Упомянутая рациональность своеобразна. Тематику составляет, напомним, эпоха масс, когда именно этот актор превратился в творца истории, включая историю политическую. Без активного участия или, как минимум, санкции масс невозможны ни общественный порядок, ни революция. В таком случае тотальная рациональность может быть разве что наипростейшей, ибо большинству изыски невнятны. Эта предпосылка пребывает в явном противоречии с вышеупомянутой гипотезой о сложности социума и революций, но признаки простоты и сложности – не следствия фактов, а принадлежат к классу установочных. Здесь принимается установка простоты, именно на такие закономерности нацелен наш поиск; посмотрим, что в дальнейшем отсюда получится.

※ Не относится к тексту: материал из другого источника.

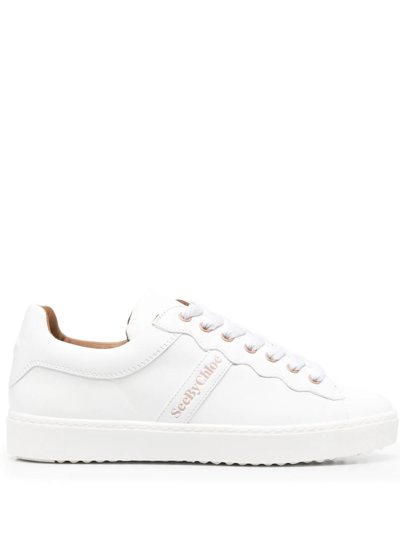See By Chloé Logo Low-top Sneakers In Weiss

Из рациональности и простоты – читатель вправе вспомнить о роли простейшей рациональности, см. Предисловие, – вытекает еще одна черта коллективного сознания и его политических плодов: детерминация. Свобода имеет четкие ограничители, в частности, ни одна из влиятельных партий, ни одно из государств новейшей истории, несмотря на многообразие конкретных позиций, не в состоянии сколько-нибудь длительно пренебрегать элементарными логическими истинами. Солидарная верность последним диктует определенные исторические закономерности, действующие с неизбежностью шестереночной передачи, независимо от специфики стран и цивилизаций. Да, в момент революции перед обществом распахивается пространство выбора, но действительно ли выбор абсолютно свободен или все же заключен в известные рамки?